Technical: Getting Hashes For Searches

This document contains technical information about hashing and the strategies you can use to attempt to match a download on TorBox.

This document will first explain the reasoning for all of the methods, what methods are recommended, and why we have multiple hashes for a single file.

The Why

When you add a file to TorBox, whether torrent, usenet or web download, TorBox must accurately determine whether this file is already in our system. If it is in the system, there is a symbolic link on your account created the the file, otherwise we create a new file on our system and begin downloading it. The issue comes with the limited information that TorBox is given when it attempts to decide whether the file already exists.

When you add a link to TorBox, lets use this link as an example:

"https://website.site/download/123456?filename=hello.png"

In this case, when you add this link to your account, we take the entire link at face value, and calculate a hash using the MD5 algorithm. When you send TorBox this link, what we really see is "484b93eac20cddf3cdd379754a4cc9df". MD5 hashing is deterministic so when someone adds the exact same link, it outputs the exact same. But what happens if something about the link changes? For example, now another user, who intends to download the same file but got the link on a new website, submits the following:

"https://website.site/download/123456"

The content on the website is the exact same, but now the "filename" parameter is missing. Well, TorBox treats it as an entirely new download with the MD5 hash of "d69e0b720f24907f348fd9ef1b8f624b". This is a problem, we have duplicates of the same file, but we have different hashes. Double the storage space for no reason, not to mention, we forced the user to wait for the download to be complete before they are able to use it.

Alternative hashes solves this problem by calculating all the possible hashes (or links) that somebody could submit and saves them in the database. So now, when user A adds "https://website.site/download/123456?filename=hello.png", we can save the hash for "https://website.site/download/123456" alongside it, along with dozens of other possibilities with the amount of strategies we have.

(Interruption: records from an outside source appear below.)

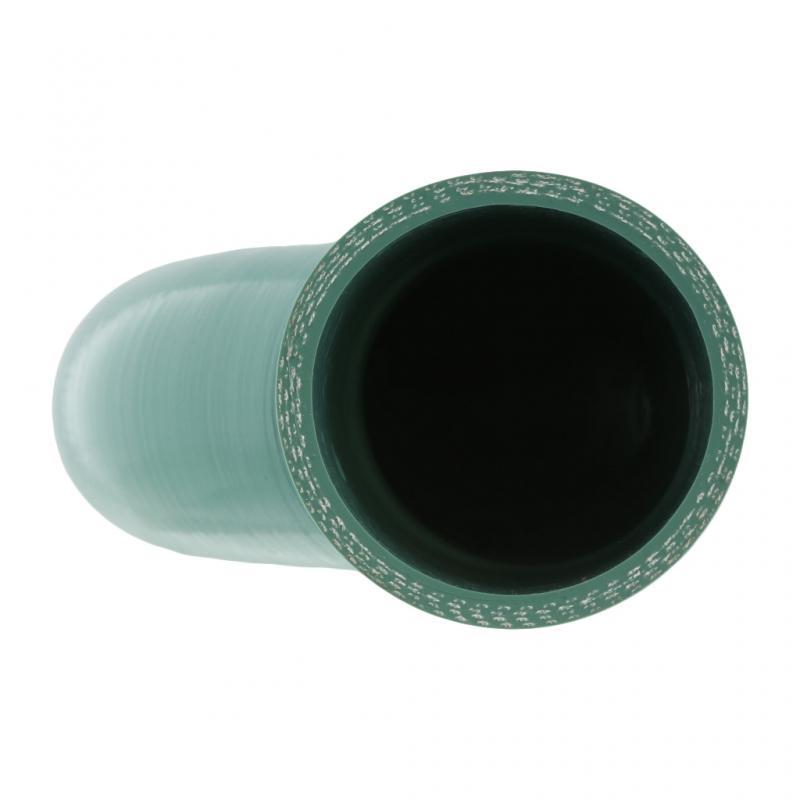 PAI INDUSTRIES - 840162OEM - COOLANT HOSE REPLACES MACK 11MF4596M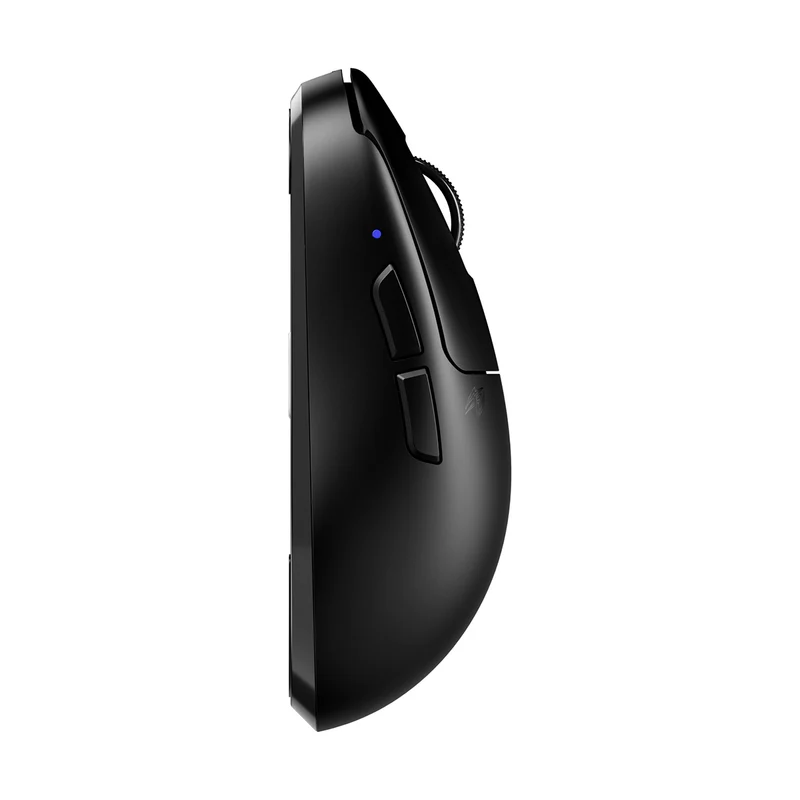 Pulsar TenZ Signature Edition Ultra Light Weight eSports Gaming Mouse (PTZW21)
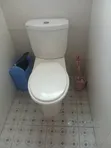 Mini Flat for Rent Near West Hills Mall - 4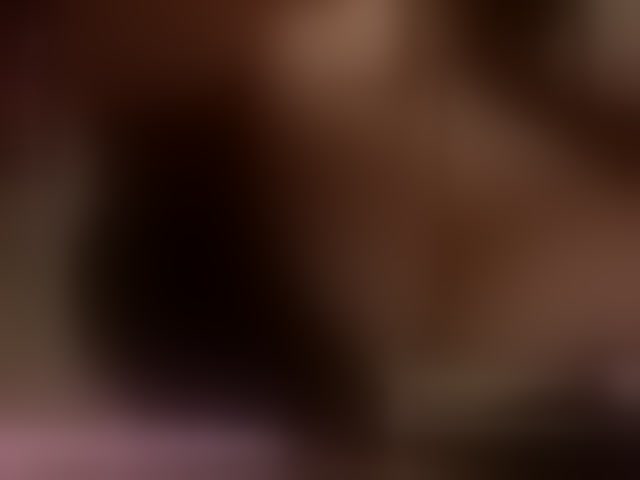 Live sex webcam photo for AyanaXOXO #293916454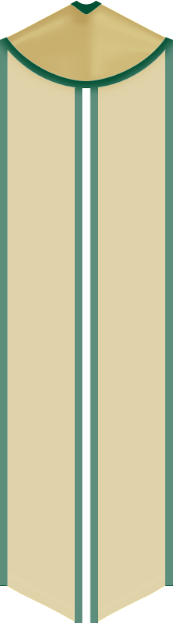 Sash - Image 2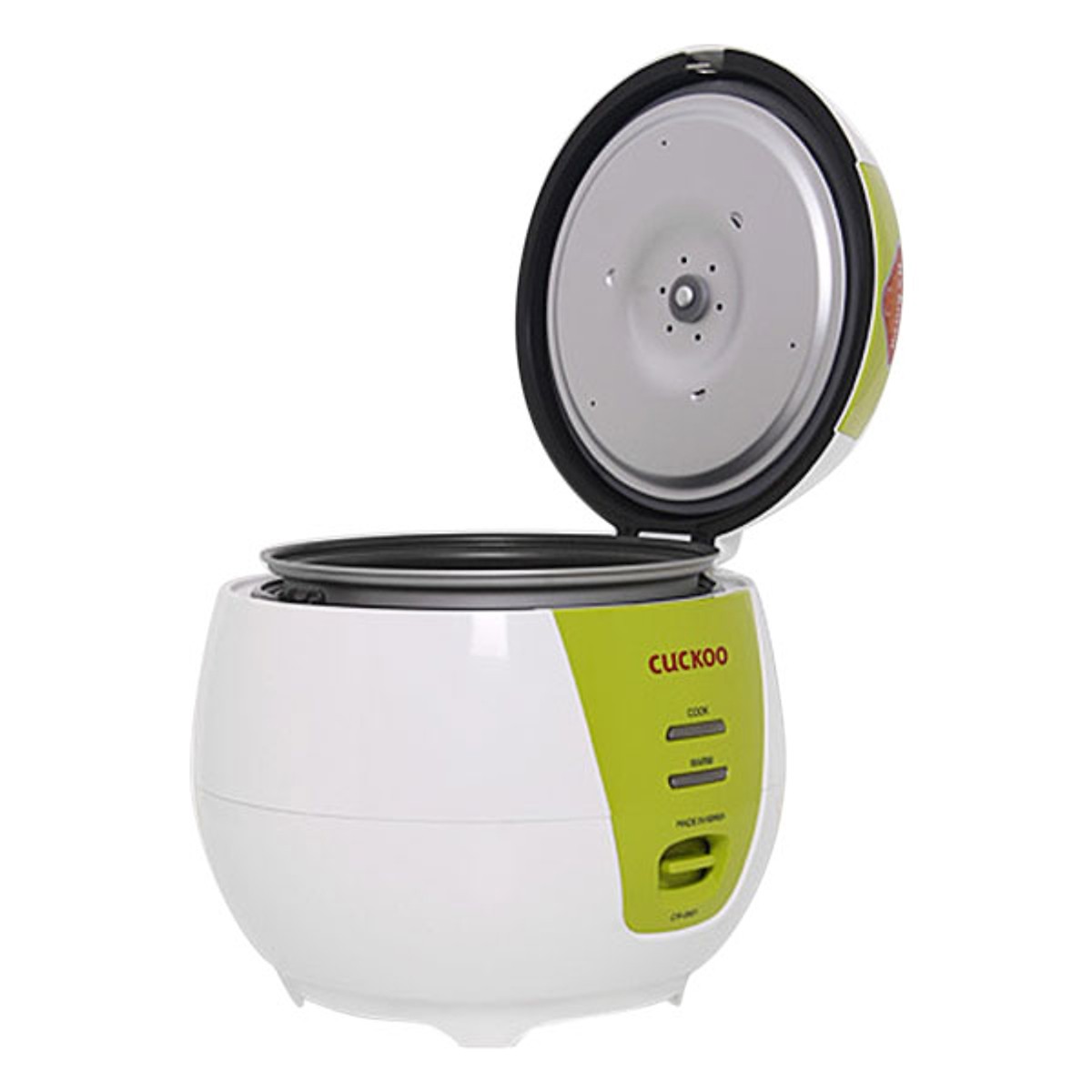 noi-com-dien-10l-cuckoo-cr0661-mau-xanh-f0249T (1)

That way the next time somebody adds "https://website.site/download/123456", TorBox already knows it is on its system and will give access to the user.

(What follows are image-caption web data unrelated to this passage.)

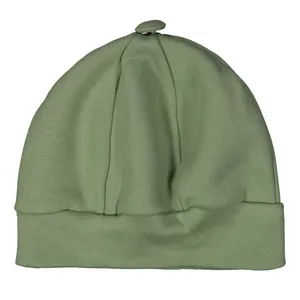 کلاه بچگانه سون پون مدل 13911350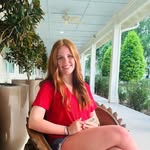 brooklyn <3 - @_brooklynboothh - Instagram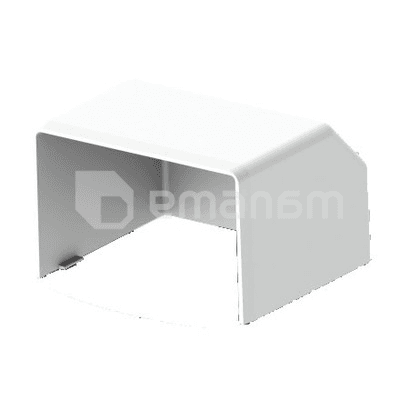 საცობი Kopos 60x40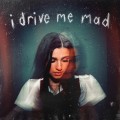 Buy Renforshort - I Drive Me Mad (CDS) Mp3 Download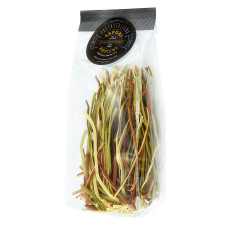 Спагеті Sapori Antichi Tagliolini Bandiera Italiana 250г mini slide 1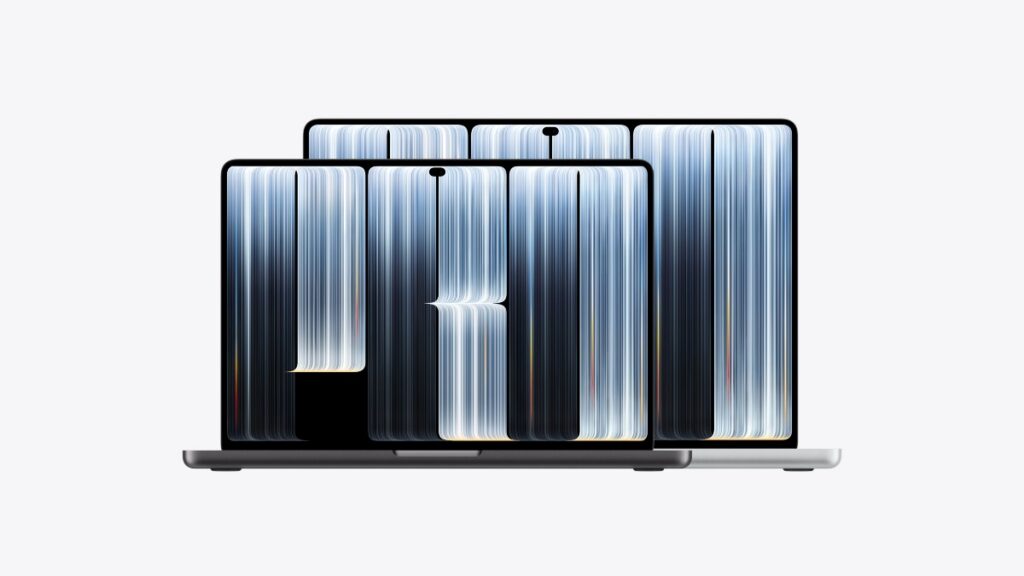 Nueva Macbook Costo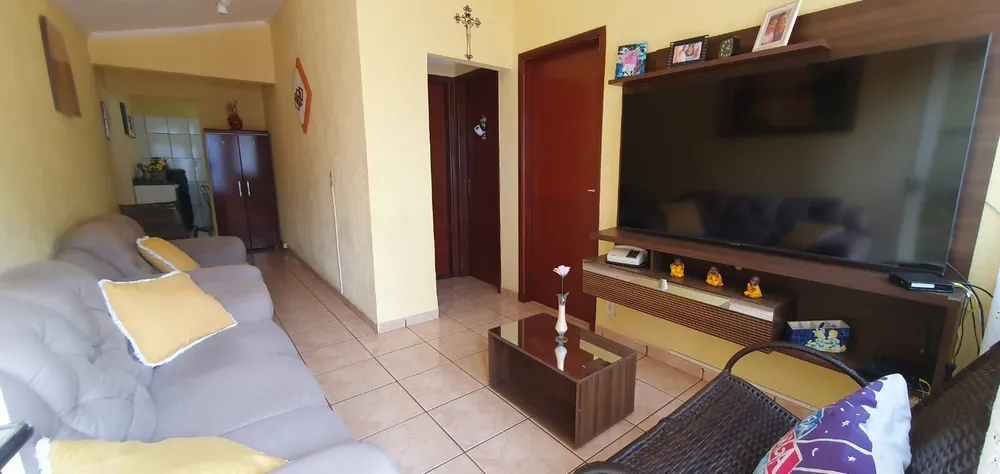 Casa, 2 quartos, 120 m² - Foto 5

There are lots of alternatives to this strategy of saving Alternative Hashes, but we decided this would be the best way for a few reasons:

It happens before the user adds the download.
1. Unlike post download de-duplication like many services employ this happens much quicker and saves the user the time waiting for the download.
2. Alternative hashes is logically simpler.
3. While it would be great to somehow be able to match the checksum of the actual physical file, this is impossible to do beforehand.
Strategies can be added, modified, or removed.
1. If a strategy, such as parsing the filename, and cleaning it, is found to lead to too many issues, it can be removed.
No major service breaking changes. This system can be added on top of TorBox's already stable service, meaning that there is no chance this will break existing functionality.

Strategies

In this section which is mostly for developers, we will be going over what strategies you can use for your applications that rely on TorBox to provide proper cache checking.

Magnet Links (Torrents)

This is probably the easiest one to use since it is already employed by applications and is the simplest.

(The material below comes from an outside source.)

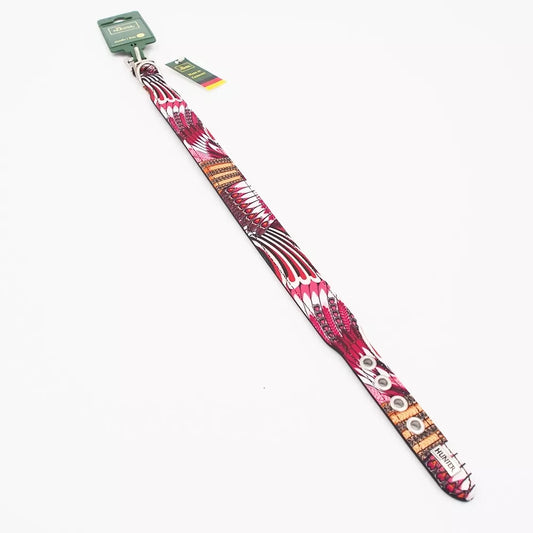 35-39,5 CM. guler Hunter BROKAS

When a user submits a magnet link, in the format "magnet:?xt=urn:bith:xxxxxxxxxxxxx", all you must do is submit the "xxxxxxxxxxxxx" part of the magnet. This is the hash of the torrent, and TorBox will match to the correct file. There is nothing more needed here. Below is a code snippet on how you might do this manually, and also with a library:

python

import urllib.parse

def getMagnetHash(magnet: str) -> str:
    try:
        parsed_url = urllib.parse.urlparse(magent)
        query_params = urllib.parse.parse_qs(parsed_url.query)
        xt_param = query_params.get("xt", [None])[0]
        if xt_param:
             hash_value = xt_param.split(":")[-1]
             return hash_value.lower()
        return ""
    except Exception as e:
        return ""

python

import libtorrent as lt

def getMagnetHash(magnet: str) -> str:
    try:
        info = lt.parse_magnet_uri(magnet)
        hash = str(info.info_hash)
        return hash.lower()
    except Exception as e:
        return ""

Links (Usenet, Web Downloads)

Next is basic links. All you have to do is MD5 Hash the link using your language's standard library. You can use this as a hash.

python

import hashlib

def hashLink(link: str) -> str: 
# you can use this as a standard function for all the following strategies too, because they use MD5 hashing

    md5_hash = hashlib.md5()
    md5_hash.update(link.encode())
    return md5_hash.hexdigest().lower() # lower is necessary as it normalizes it to all lowercase

Link Normalization (Usenet, Web Downloads)

Same as above for the most part, except we are first normalizing the urls. By this, we mean, removing query parameters. In most cases, query params are not necessary to the actual content of the url and are more for authorization, stating filenames for downloaders or other extra information that is useful, but not for our case here.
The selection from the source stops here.